After this very solemn and impressive scene, we were marched in column of companies round the dead, so that the spectacle might be witnessed by every man in the division.
About the 26th of February we broke up our cantonments in the environs of Ciudad Rodrigo, and crossing the Tagus, marched southward for six or seven days, at the expiration of which our division took up their quarters in and about the town of Castello de Vide. The country around the town was the most fruitful and luxuriant I had ever beheld. It was bounded with the most delightful hills and valleys, that produced in abundance the finest fruits, such as grapes, pomegranates, oranges, and lemons. As may be supposed, the men were delighted with such a paradise. The wine was so plentiful, that our fellows, while they remained here, made it an invariable custom to boil their meat in it.

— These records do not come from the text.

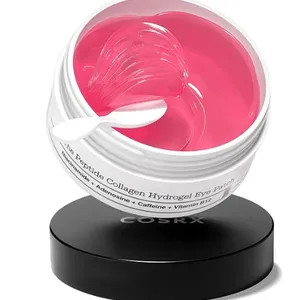 COSRX Pink Peptides Collagen Hydrogel Eye Patch for Puffy Eyes (60 Count)  - New Sealed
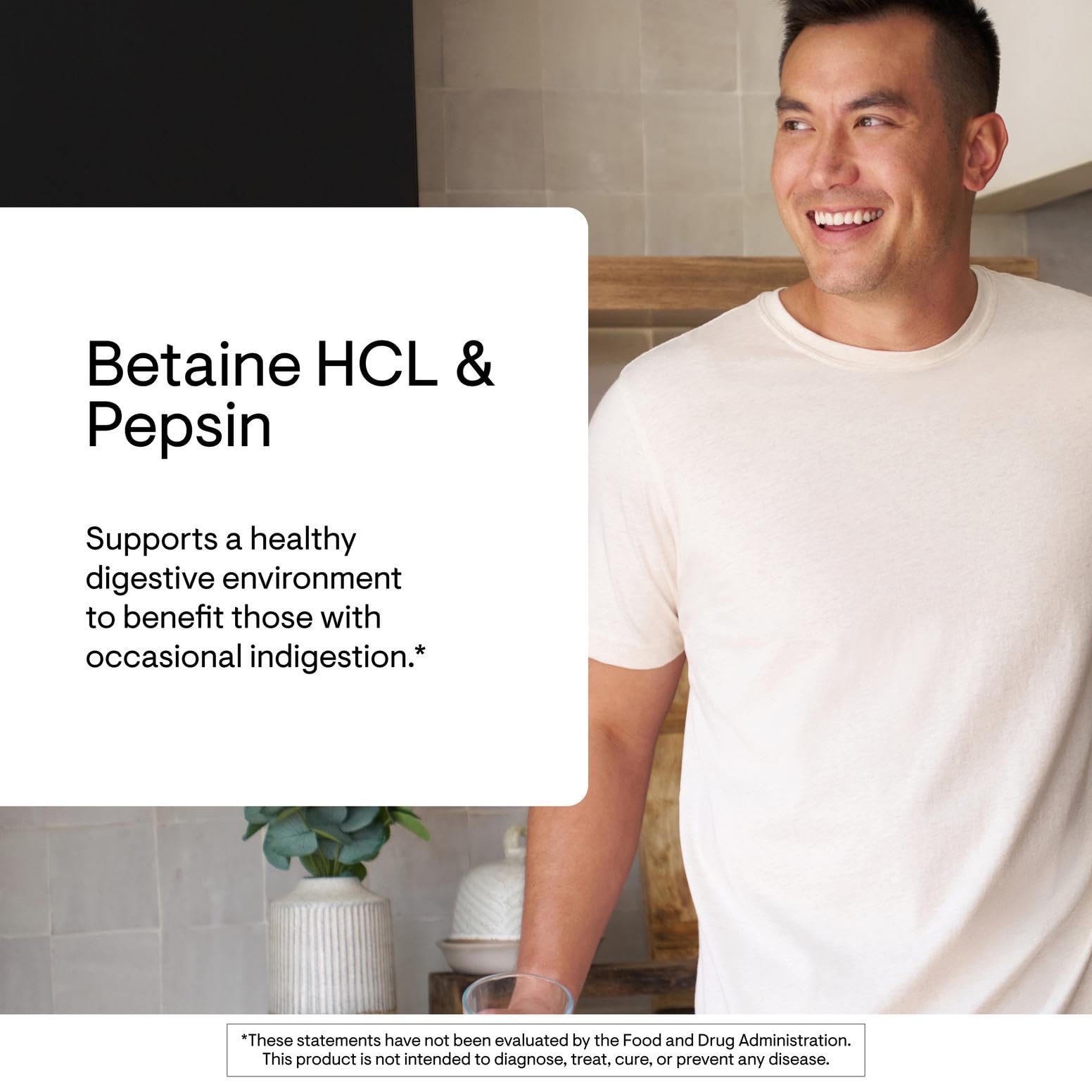 THORNE Betaine HCl & Pepsin capsules closeup highlights digestive enzyme activity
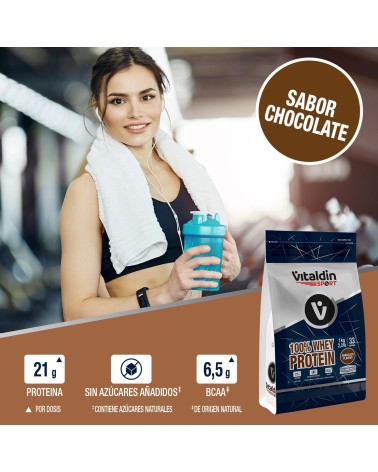 Chocolate Whey Protein - Vitaldin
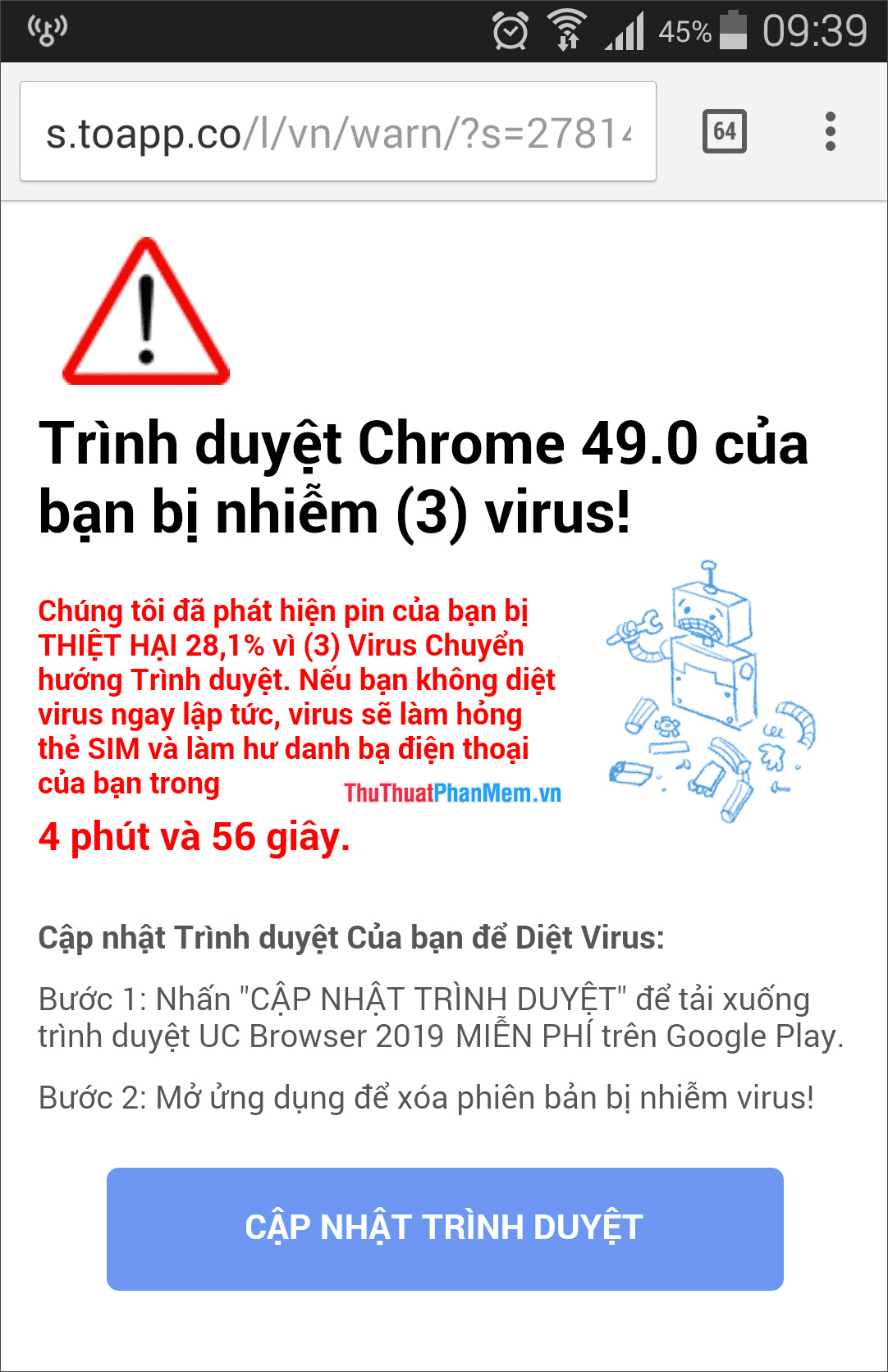Diệt virus trên Android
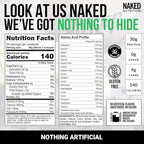 NAKED Chocolate Whey Isolate Protein - Only 6 Ingredients, 30g Grass-Fed Protein, Undenatured, No GMO, No Soy, Gluten-Free, No Preservatives - 24 Servings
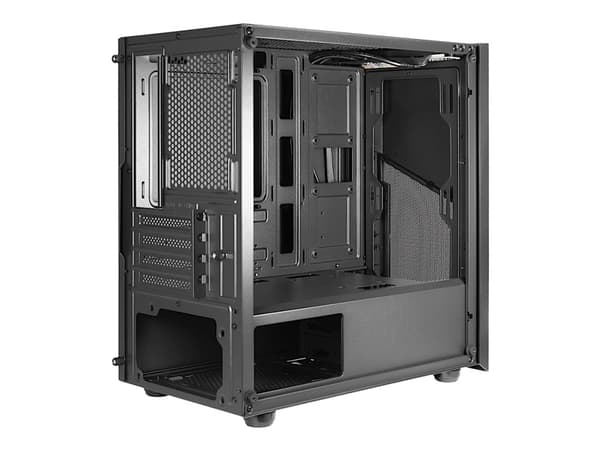 Inter-Tech SM-007 Enforcer - Tower spel - micro ATX - genomskinlig sidopanel (härdat glas) - ingen strömförsörjning - USB/ljud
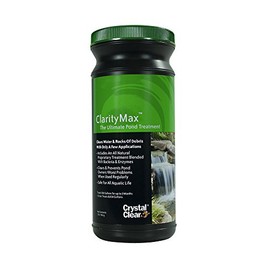Crystal Clear Clarity Max 453 Grams, Natural Bacteria to Improve Clarity of Fish Ponds 1lb/453 grams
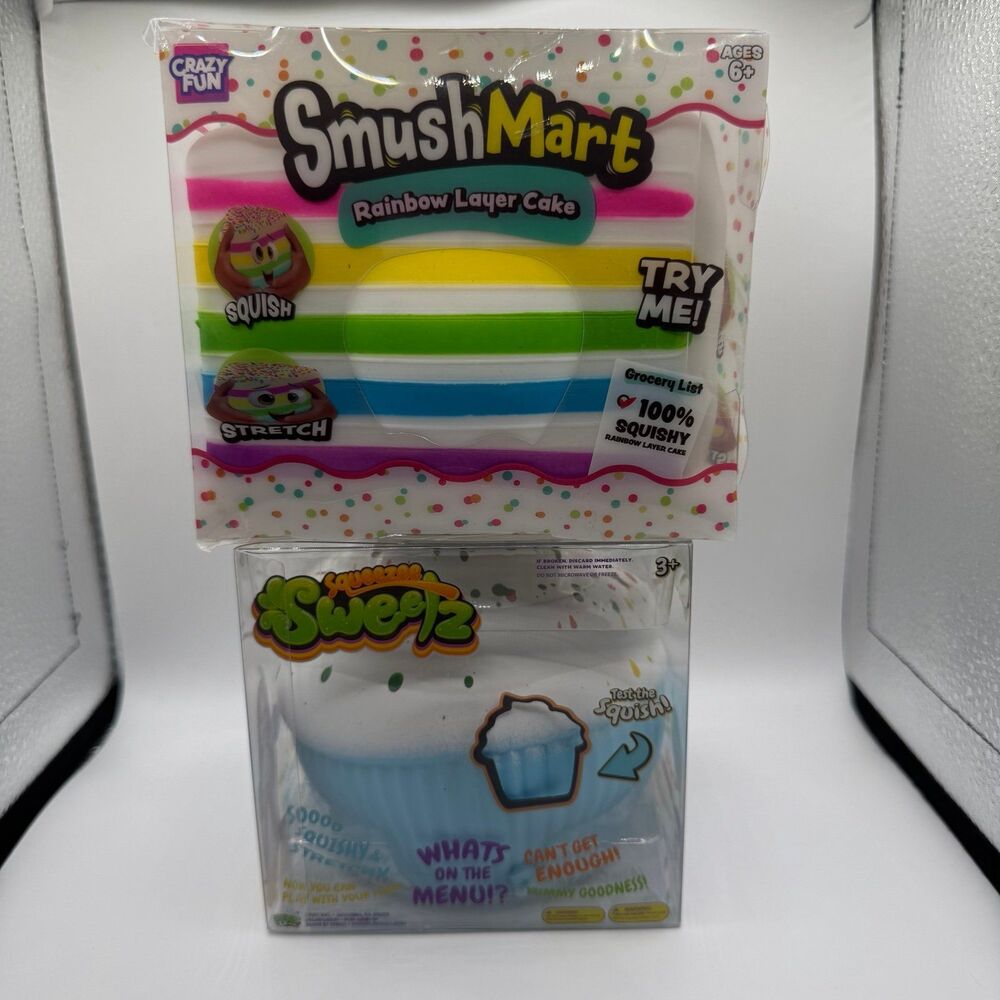 Five Below - Viral Jumbo Squishy Bundle: 2 Pieces Sweetz Blue (See Photos/Read)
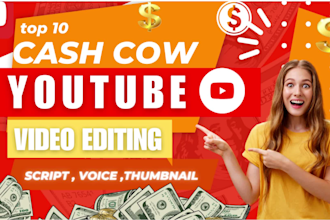 create viral top 10 faceless youtube automation cash cow videos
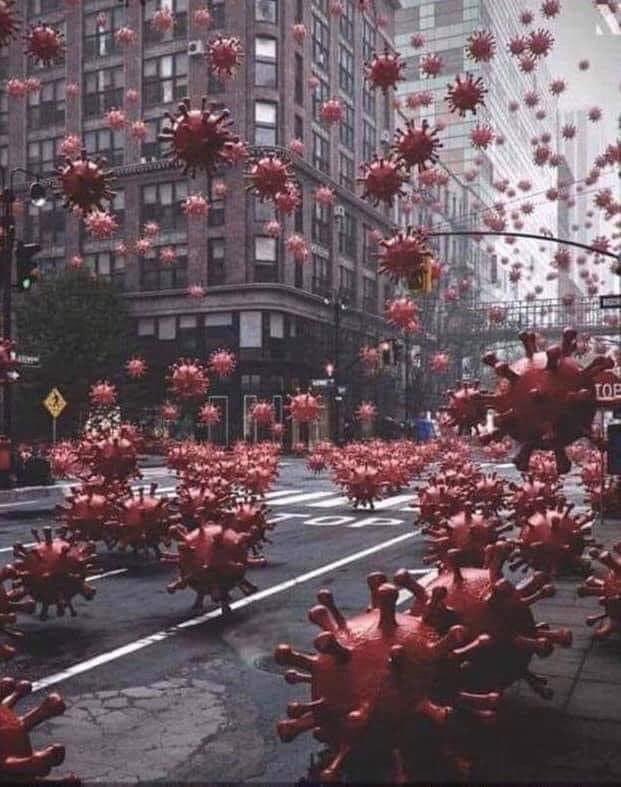 re_strategy's tweet photo. Would we be in such a rush to go outside if we could actually see the virus? #StayAtHome #visualization https://t.co/mBL8QQwBFt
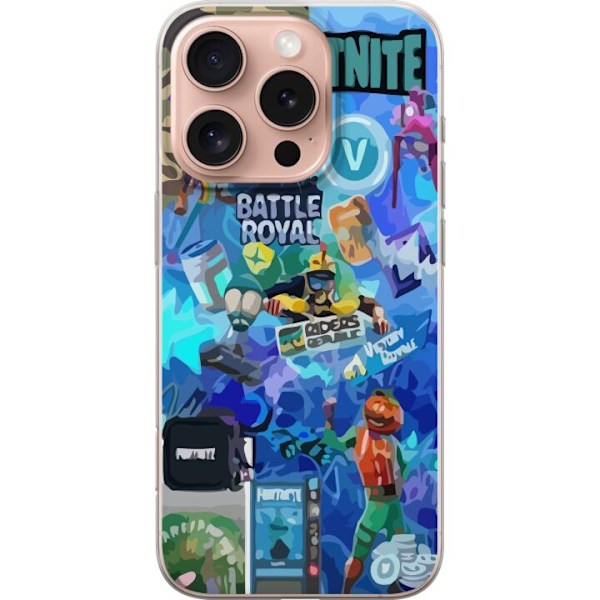 Apple iPhone 16 Pro Genomskinligt Skal Fortnite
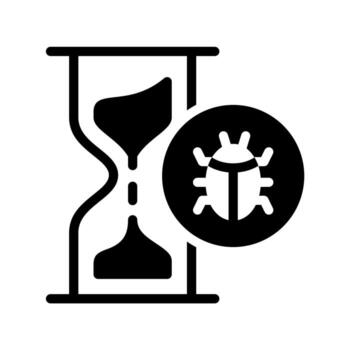 hora establecido programa malicioso indicando un virus o error con un Temporizador vector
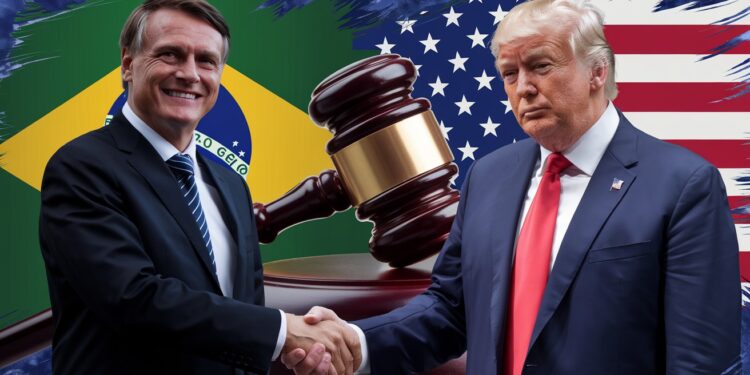Jair Bolsonaro compte sur Trump pour revenir dans la course politique - Viral Mag Lex président brésilien Bolsonaro espère que Donald Trump laidera à annuler sa disqualification politique suite aux accusations de complot   Viral Mag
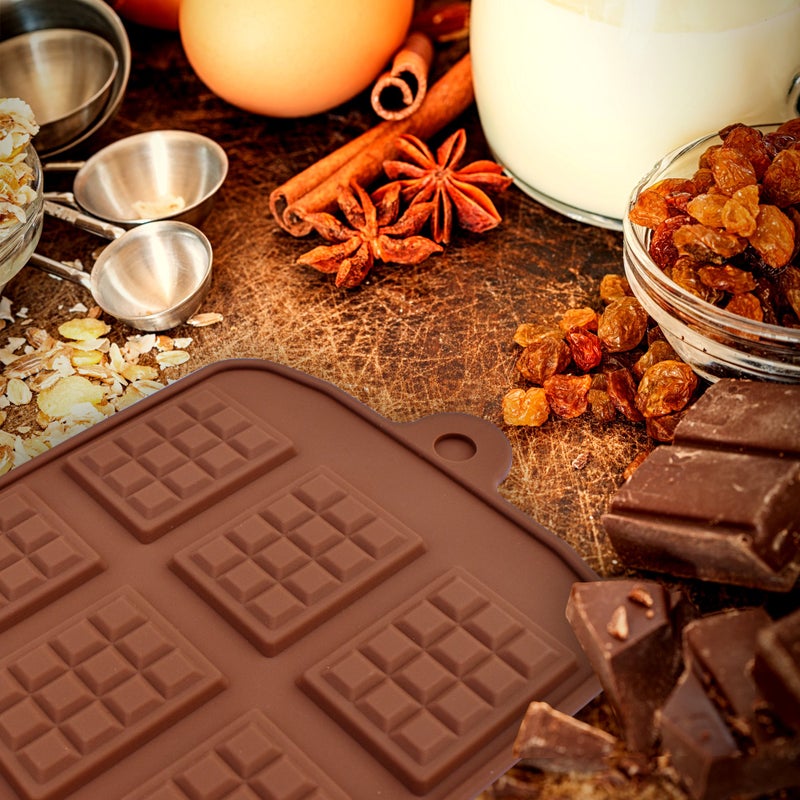homEdge 12 Cavity Break-Apart Chocolate, Set of 4 Packs Food Grade Non-Stick Silicone Protein and Energy Bar Candy Molds - Image 2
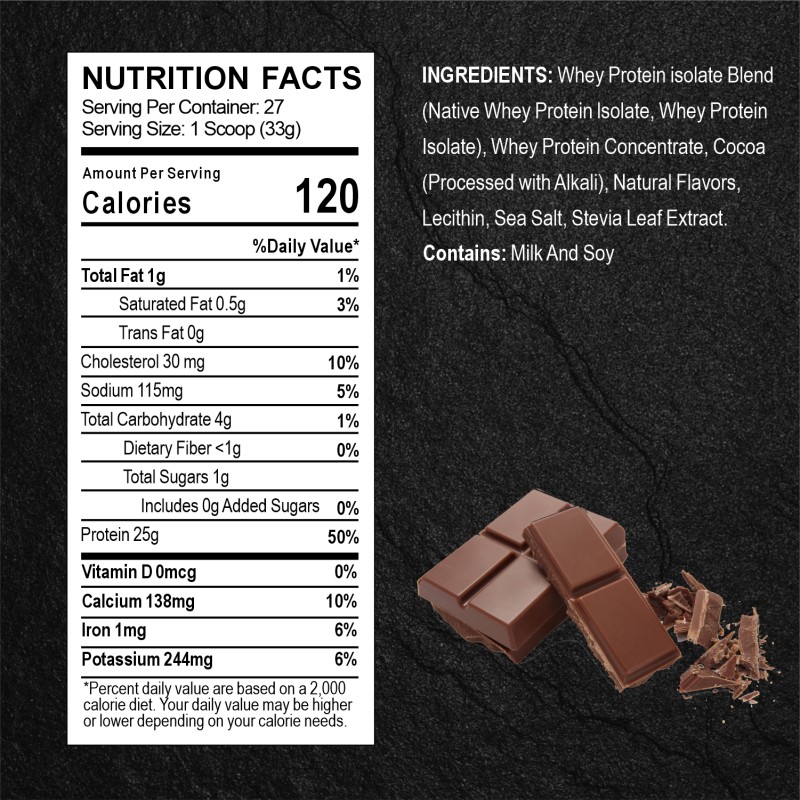 Whey Protein Powder Manufacturer - Chocolate Flavour Muscle Recovery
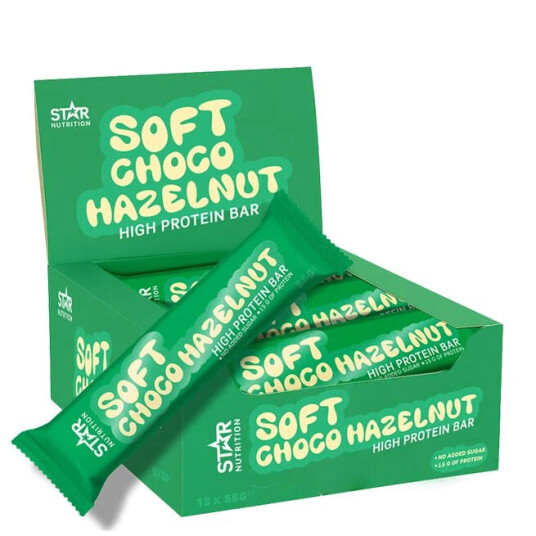 12 x Soft Proteinbar 55 g Soft Choco Hazelnut 12 x Soft Proteinbar 55 g Soft Choco Hazelnut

Another unhappy criminal was here doomed to pay the forfeit of the crime of desertion. When we took Rodrigo, he made his escape from the town, and on his way to join the French at Salamanca was captured by some of the Spanish troops, and brought back to the regiment a prisoner. The fate of this man (Arnal by name), who had been a corporal in our battalion, excited much commiseration. I knew him well: he was an exceedingly fine-looking fellow, and up to the period of his unhappy departure from duty, noted for possessing the best qualities of a soldier. Some harshness on the part of an officer was the cause of Arnal’s desertion; but from the circumstance of his previous good character and the fact of his having been marched as a prisoner for many days together during our march from Rodrigo, it was commonly thought he would be pardoned.
I happened to be on guard over him the night prior to his execution. In the evening the prisoner was playing at cards with some of the men, when the provost of the division entered the guard-room, and gave him the intelligence that he was doomed to suffer at ten o’clock the next morning.
Sudden and utterly unexpected as the announcement was, Arnal’s face was the only one that showed scarcely any emotion.
“Well,” he remarked to those around him, “I am quite ready.”
A short time afterwards he sent for the pay-sergeant of the company he belonged to, from whom he received the arrears of pay that were due to him. This he spent on wine, which he distributed among the men of the guard. Noticing one man with very bad shoes, Arnal observed his own were better, and taking them off he exchanged them for the bad pair, saying, “They will last me as long as I shall require them.”